Bir ticaret şirketi, diğer bir ticaret şirketinin, doğrudan veya dolaylı olarak;
1. Oy haklarının çoğunluğuna sahipse veya
2. Şirket sözleşmesi uyarınca, yönetim organında karar alabilecek çoğunluğu oluşturan sayıda üyenin seçimini sağlayabilmek hakkını haizse veya
3. Kendi oy hakları yanında, bir sözleşmeye dayanarak, tek başına veya diğer pay sahipleri ya da ortaklarla birlikte, oy haklarının çoğunluğunu oluşturuyorsa, b) Bir ticaret şirketi, diğer bir ticaret şirketini, bir sözleşme gereğince veya başka bir yolla hâkimiyeti altında tutabiliyorsa, birinci şirket hâkim, diğeri bağlı şirkettir. Bu şirketlerden en az birinin merkezi Türkiye'de ise, 6102 sayılı Türk Ticaret Kanunundaki şirketler topluluğuna ilişkin hükümler uygulanır (m.195 vd.)

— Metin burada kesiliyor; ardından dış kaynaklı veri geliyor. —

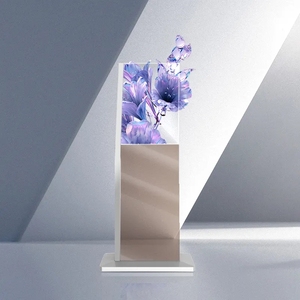 <span class=keywords><strong>Écran</strong></span> <span class=keywords><strong>OLED</strong></span> <span class=keywords><strong>transparent</strong></span> 55 pouces OEM à <span class=keywords><strong>prix</strong></span> d'usine, TV 1080p à contraste élevé, affichage tactile capacitif pour kiosque vidéo mural intérieur - Product Image 4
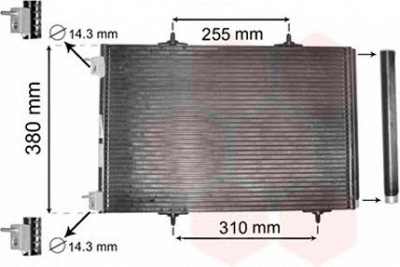 VAN WEZEL 40005291 -  Конденсатор, кондиционер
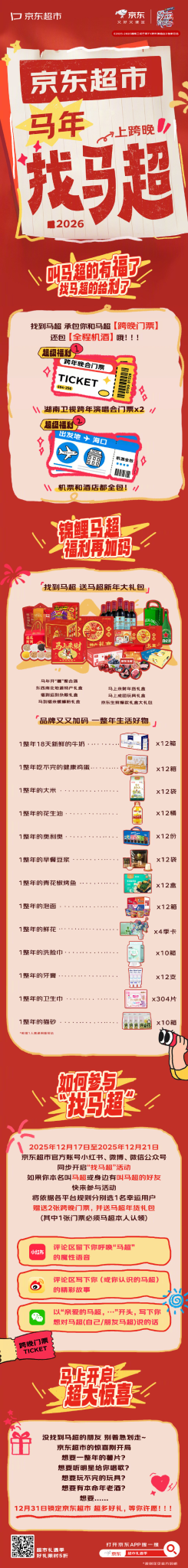 京东超市开启“马年找马超”年度锦鲤活动-广告人干货库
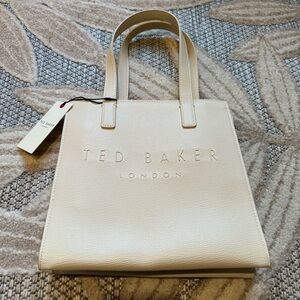 Ted Baker Cream Tote Bag Small NWT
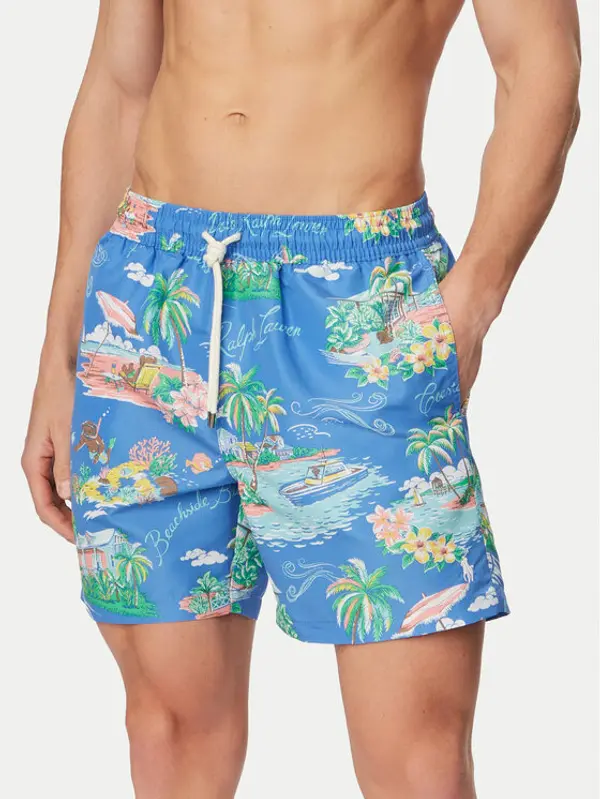 Polo Ralph Lauren Polo Ralph Lauren Kupaće gaće i hlače 710B13657001 Svijetlo plava Classic Fit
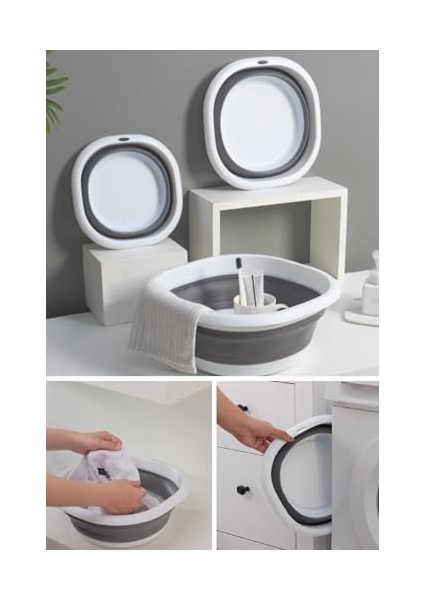 Kapısı Katlanır Badya Akordiyon Silikon Leğen (10 Litre Badya) modelleri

Bununla beraber, yasal düzlemde olmayıp da, fiili olarak şirketler topluluğunun özelliklerini taşıyan hukuki ilişkilerin varlığı halinde de şirketler topluluğu kapsamında değerlendirilir. Aşağıdaki somut olay, bunun bir örneğini göstermektedir.
Toplum hayatında bazı kişilerin şirket adına para istediği, istendiğinde geri alabileceği ve yüksek oranda kâr payı verileceği vaadi ile vatandaşlardan belge karşılığında para alındığı ve ayrıca karşılığında şirket paylarından verildiği olaylar yaşanmaktadır. Tahmin edileceği üzere, sonradan vatandaşın talebine rağmen bu para kendisine ödenmemektedir. Bu şekilde, kanuna aykırı olarak binlerce kişi kandırılarak mevduat toplanmakta, alınan para nedeniyle de vatandaşın şirket ortağı yapılması hukuken mümkün olmamaktadır. Bu durumda, zarara uğrayan kişilerin kandıran şirketten söz konusu paranın geri alınması için yapılan soruşturmada, paranın transfer yolu ile bir başka şirkete aktarıldığı ve kandıran şirketin bünyesinde herhangi bir malvarlığının olmadığı tespit olunmaktadır.
Somut olayın hukuki inceleme ve değerlendirilmesinde vatandaşın parasının verilmediği gibi ayrıca oyalanmakta olduğu da üzüntü vermektedir. Özellikle para toplayan şirketin diğer bir şirkete paraları transfer etmesi önemli bulunmaktadır. Bu durum, para toplayan şirketin dürüstlük kuralına aykırı hareket ettiğini, diğer şirketin parayı toplayan şirketin sessiz ortağı olduğu açıkça anlaşılmaktadır. Diğer şirketin, tüzel kişiliği ve mal varlığı bulunmakta olup, her iki şirket arasında sessiz ortaklık anlaşması bulunmakta ve şirketin sessiz ortağına karşı güven ve sadakat borcu olduğu, dava konusu paranın transferinin borca aykırılık teşkil ettiği, her iki şirket arasında para transferi yapıldığı, ortaklık ilişkisi ve organik bağ bulunduğu sonucuna varılmaktadır.Para toplayan şirketin ortaklarından tahsil ettiği nakitleri fiili şirketler topluluğu kapsamında diğer şirketin mal varlığına aktardığı kabul edilir. Kandırılan vatandaşın, para toplayan şirketin borcunu ödeyemeyeceğinin anlaşılması halinde, anılan şirketin, kandırılan vatandaşa olan borcundan dolayı, paranın aktarıldığı şirkete, başvurması hukuken mümkündür (Fiili şirketler topluluğu varsayımı)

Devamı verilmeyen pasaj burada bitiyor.